- Born: Munshiganj, Dacca Division, Bangladesh
- Allegiance: Bangladesh
- Branch: Bangladesh Army
- Service years: 1991 - present
- Rank: Major General
- Unit: Regiment of Artillery
- Commands: MGO at Army Headquarters; Director General of Bangladesh Institute of International and Strategic Studies; Commander of 6th Independent Air Defence Artillery Brigade;
- Education: Bangladesh Military Academy

= Abu Bakr Siddique Khan =

Bangladeshi military personnel

Abu Bakar Siddique Khan (আবু বকর সিদ্দিক খাঁন) is a two-star officer and the incumbent master general of the ordnance of the Bangladesh Army. He is the former director general of the Bangladesh Institute of International and Strategic Studies. Khan is also the pioneer colonel commandant of the Air Defence Corps.

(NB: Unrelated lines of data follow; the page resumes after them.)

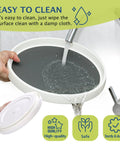 Set Of 4 10 Inch Rotating Lazy Susan Organizer With Non Skid Beaded Surface being rinsed under tap water for easy cleaning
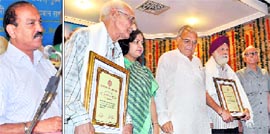 The Editor-in-Chief, The Tribune Group of Newspapers, Raj Chengappa, addresses a function to honour journalists in Chandigarh on Tuesday; and (R) CM Bhupinder Singh Hooda with Manmohan Sharma, NS Parwana and BK Chum, who were honoured with the Lifetime Achievement Award.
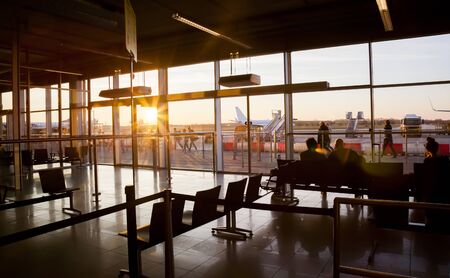 Silhouette of airline passengers in an Eindhoven airport lounge by sunsetのeditorial素材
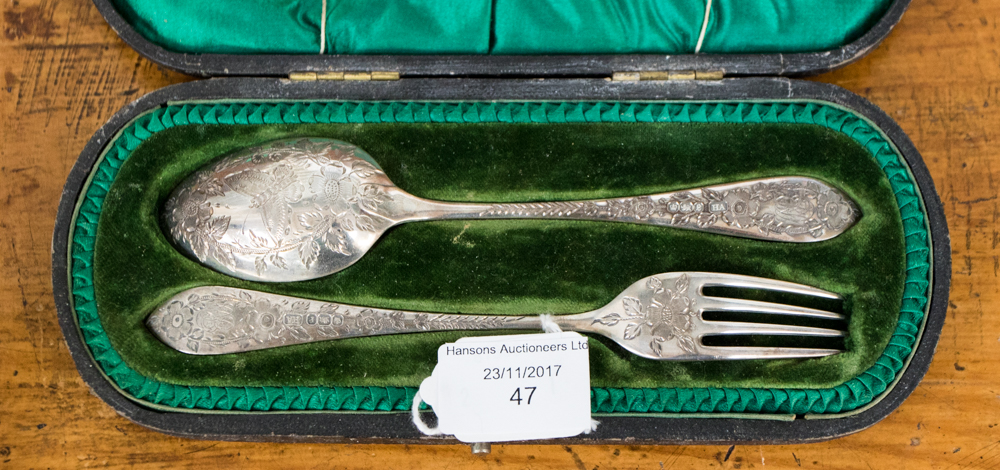 A cased silver spoon and fork Christening set, Sheffield 1897 Atkin Brothers,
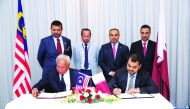 H E Ali bin Ahmed Al Kuwari (standing second right), Minister of Commerce and Industry, and other officials during the signing ceremony in Kuala Lumpur, Malaysia.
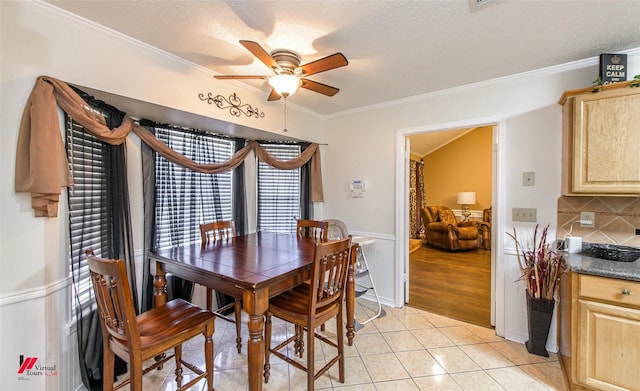 tiled dining area featuring ceiling fan, ornamental molding, and a textured ceiling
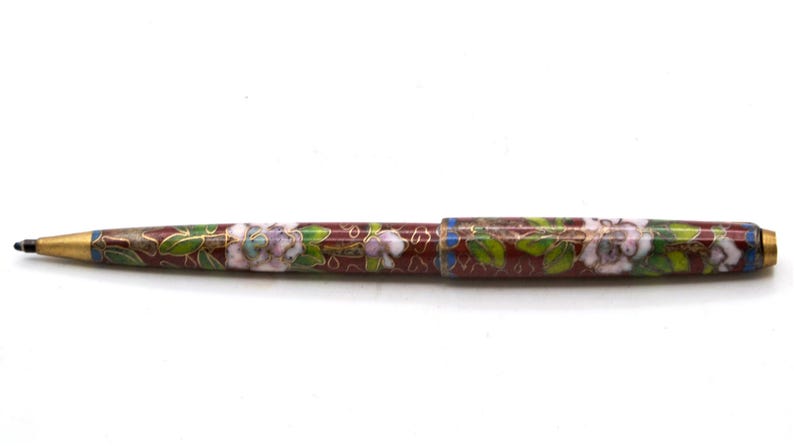Puede incluir: Bol&iacute;grafo decorativo con dise&ntilde;o floral. El bol&iacute;grafo presenta un fondo granate con flores blancas y moradas, hojas verdes y detalles dorados. La punta y el extremo del bol&iacute;grafo son dorados.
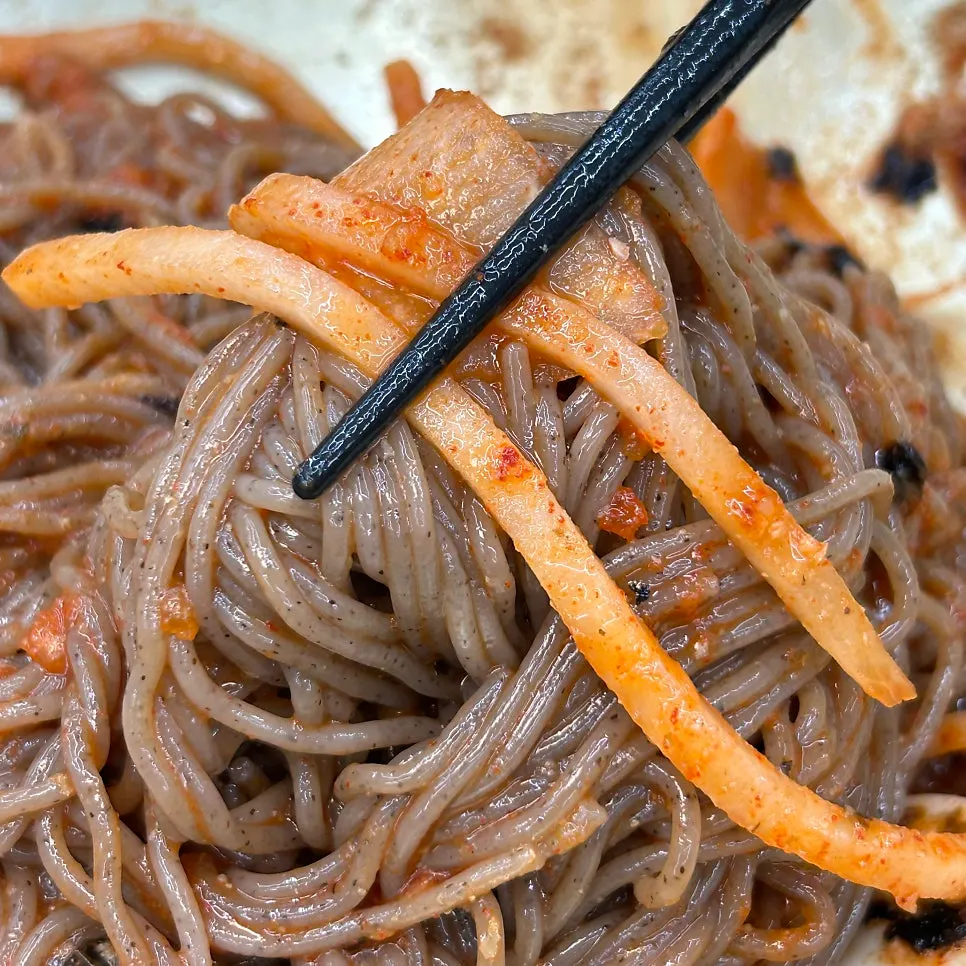 Sharing two bowls of dongchimi and bibim makguksu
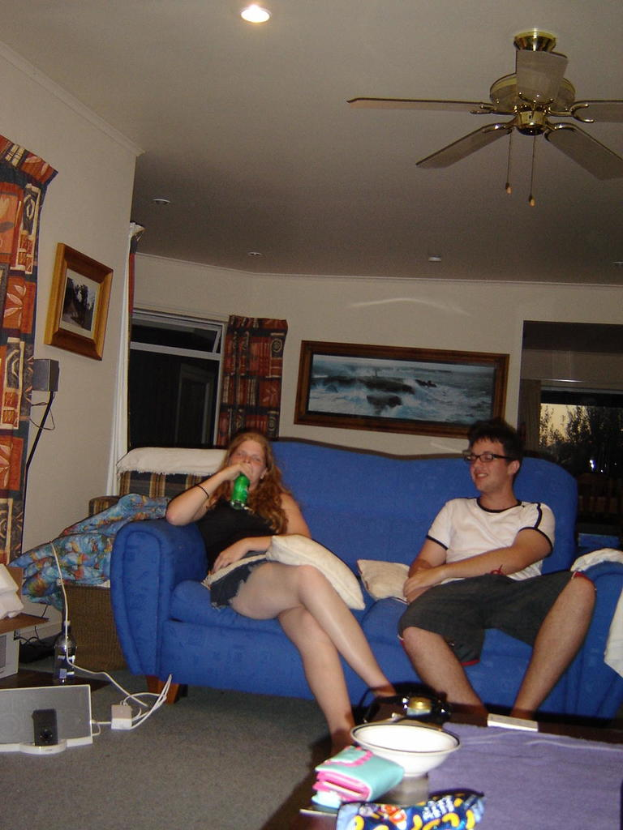 Eine Frau sitzt auf einem Sofa und hält eine Flasche in der Hand, neben ihr ein Mann; auf dem Tisch liegen ein Kissen, eine Schößel, eine Geldbörse und ein Tuch, an der Wand hängt ein Rahmen, Überkopfleuchte, Ventilator und Vorhang im Hintergrund, mit einem Baum im Freien.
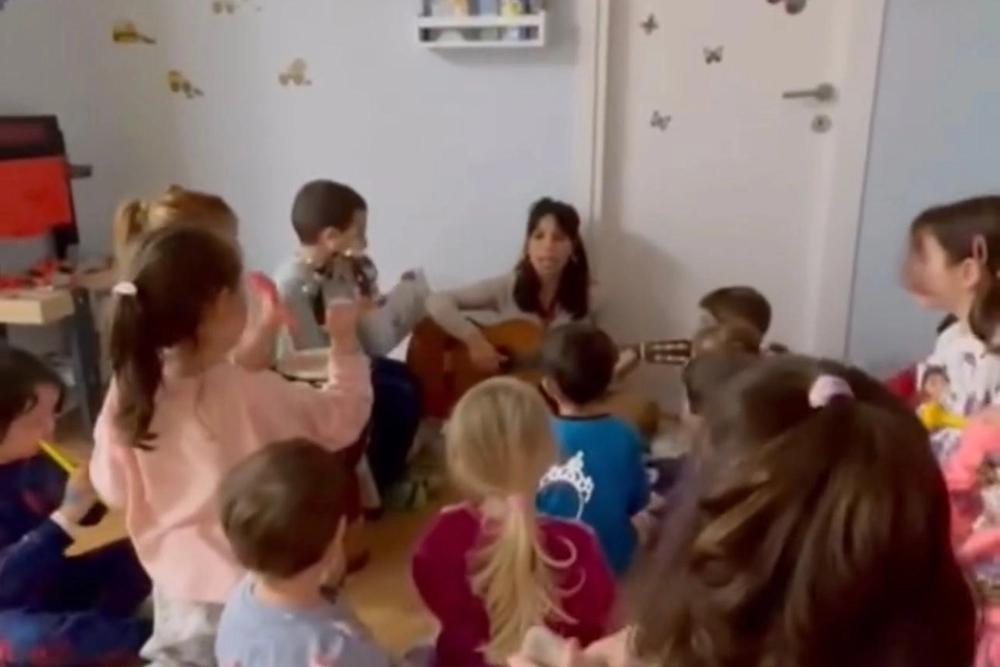 Bambini seduti per terra con un’animatrice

== Early life and education ==
Khan was born in Munshiganj, Bangladesh. After finishing high school, he enlisted in the Bangladesh Military Academy in 1989 and was commissioned with the 25th BMA long course in the regiment of artillery in December 1991. Khan is a graduate of the Defence Services Command and Staff College, the National Defence College, and the Armed Forces War College. Khan also obtained his gunnery staff course on air defence from the Pakistan Army School of Artillery at Nowshera, Pakistan.

== Military career ==
Khan instructed at the Artillery Centre and School and the Defence Services Command and Staff College. He commanded one air defence regiment, one air defence battery and was the general staff officer (grade-1) of the 66th Infantry Division at Rangpur Cantonment. Khan was also the deputy director of artillery directorate in army headquarters. He was promoted to brigadier general in 2017 and commanded the independent air defence artillery brigade at Mirpur Cantonment. Khan furthermore served as one of the directors of the Armed Forces War College. He was promoted to major general in April 2024 and appointed as director general of the Bangladesh Institute of International and Strategic Studies. He returned to army headquarters in September 2024 and was designated as the master general of ordnance. On 28 October 2025, Khan was made the first colonel commandant of the air defence corps.